If the strategy is clear and attractive, the execution is often ordinary. An awful lot of tripe is sent down in Twenty20 matches. The craftsmen of yesterday must blanch at the number of full-tosses delivered. Tom Cartwright, Derek Underwood and their contemporaries could go an entire season without producing a single full-toss. Far more modest practitioners could say the same. Now highly regarded bowlers can send down three in an over, as Rory Kleinveldt did the other day against India. It was money for old rope, and it happens an awful lot. Bowlers get away with it because almost everyone suffers and it is only a question of degree.The obvious question for Roebuck would be, why are bowlers not bowling three full tosses per over in Tests? Why are batsmen not running at bowlers in Tests? The answer is obvious - because Tests pose different challenges for bowlers and batsmen - the price of a wicket is much higher in Tests, while in T20 it is trivialized. The whole contest between bat and ball rests on one fact - that the batsman can be dismissed by the bowler. Obviously, this means that if that wicket is worth a lot to the batting side, then the bowler will be treated with greater circumspection by the batsman.
Plain as day, panic is the problem. Everyone is scared about enduring the terrible over, costing 20 runs and changing the course of the match. Desperation sets in and they forget the lessons learnt over the years, concentrating instead upon pitching the perfect ball. Usually it goes wrong and a boundary results, whereupon the bowler is under intense pressure for the rest of the over.
Obviously another development awaits. The tactic of pressing for wickets is correct. The need to vary the length, pace, angle and movement of deliveries has been proven. But it all goes to nothing unless the strategy is skilfully carried out.

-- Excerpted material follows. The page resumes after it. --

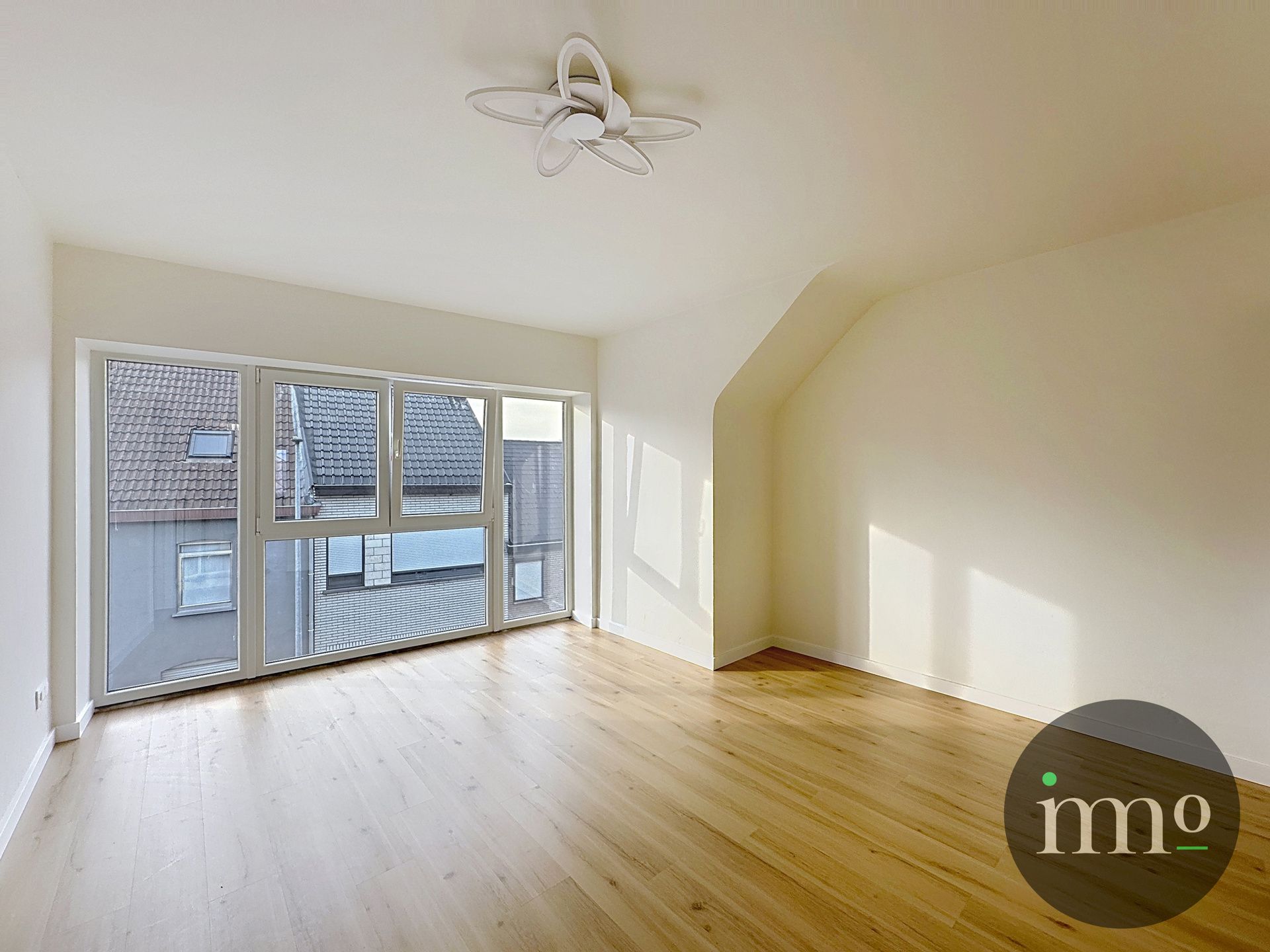Gezellig, lichtrijk appartement met 2 slaapkamers en terras foto 5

Nothing is simpler than to hit a bad slow ball, unless it is a full-toss or long hop pretending to be a bouncer. Last night's leftovers and beef stroganoff are both stews but they don't taste the same.
Bowlers can escape serious punishment in two circumstances. When the pitch is grumpy or grassy they can take wickets simply by performing as normal. When the pitch is firm, though, and the boundaries are short, as if often the case, their success depends on calm thinking and precise execution. At present the batsmen are ruling the roost and it's up to the bowlers to stop making life easy for them and to start turning the screws on them. The bowlers are right to attack, but it's no use charging wildly towards the guns. Scorning defeatist sentiment, leather flingers need to stop offering rubbish and start making life harder in the enemy camp. Cricket is a game of pressure. All too often in the IPL and other Twenty20, bowlers are providing the release valve.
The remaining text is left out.